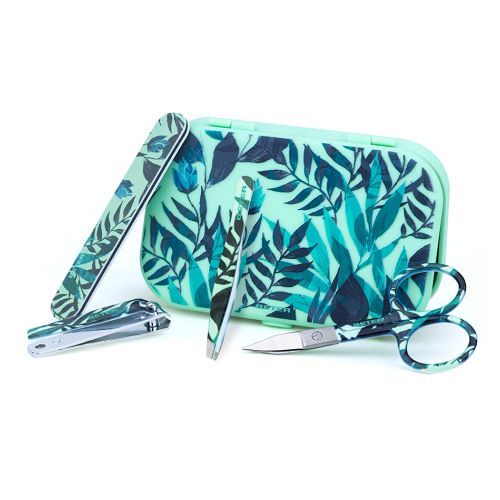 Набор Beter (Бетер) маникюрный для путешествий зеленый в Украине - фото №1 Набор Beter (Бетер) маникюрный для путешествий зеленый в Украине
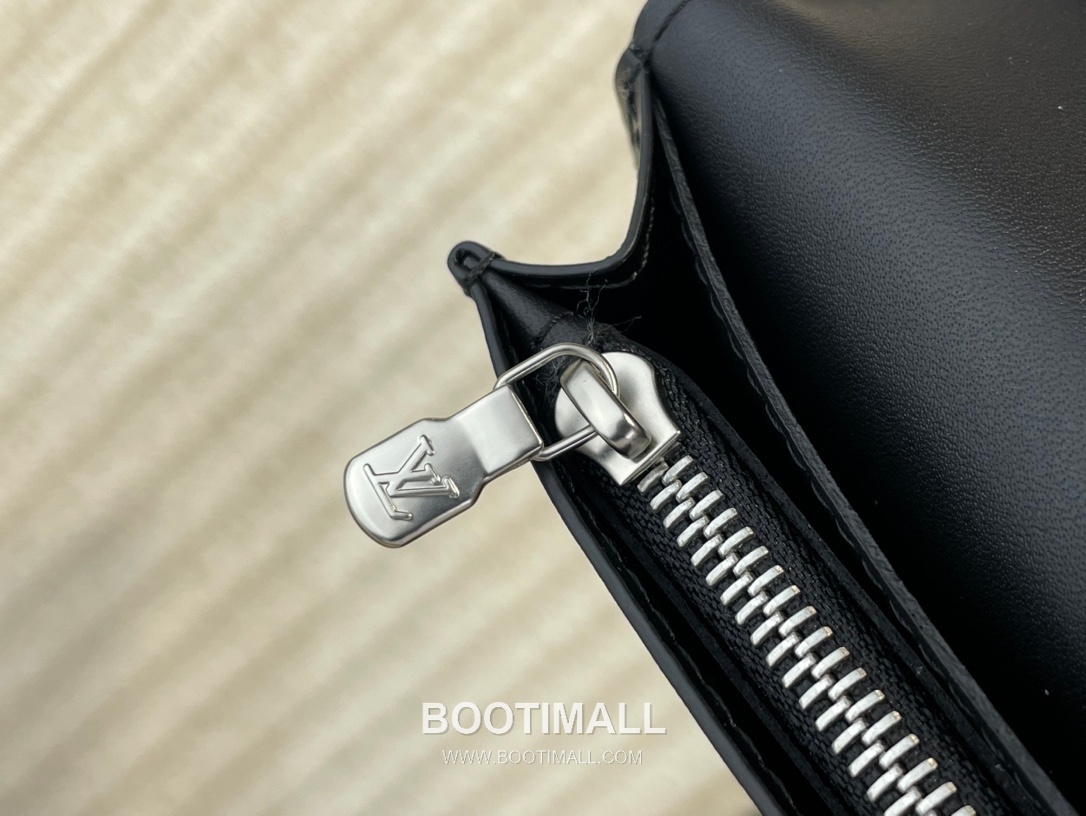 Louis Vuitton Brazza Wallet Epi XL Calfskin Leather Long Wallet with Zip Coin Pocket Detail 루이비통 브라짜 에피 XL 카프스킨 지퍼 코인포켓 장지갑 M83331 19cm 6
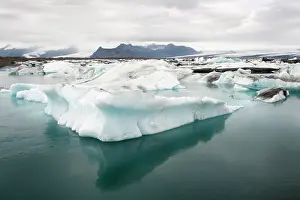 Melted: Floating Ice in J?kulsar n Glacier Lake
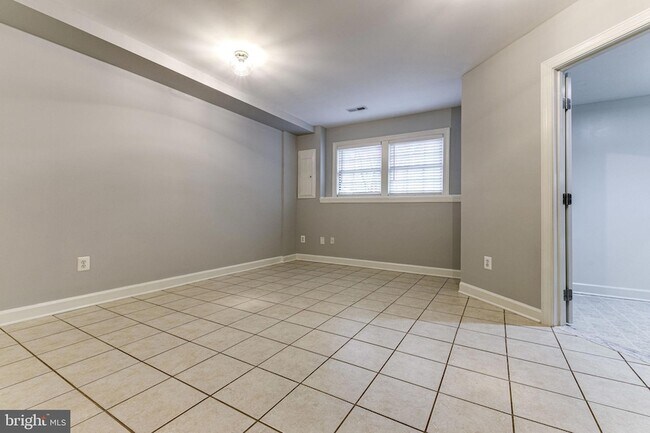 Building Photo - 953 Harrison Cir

ASSIGNED TASK: Reproduce the material in full, word for word, and omit the pictures.

SOLUTION:
 Набор Beter (Бетер) маникюрный для путешествий зеленый в Украине - фото №1 Набор Beter (Бетер) маникюрный для путешествий зеленый в Украине
 Louis Vuitton Brazza Wallet Epi XL Calfskin Leather Long Wallet with Zip Coin Pocket Detail 루이비통 브라짜 에피 XL 카프스킨 지퍼 코인포켓 장지갑 M83331 19cm 6
 Melted: Floating Ice in J?kulsar n Glacier Lake
 Building Photo - 953 Harrison Cir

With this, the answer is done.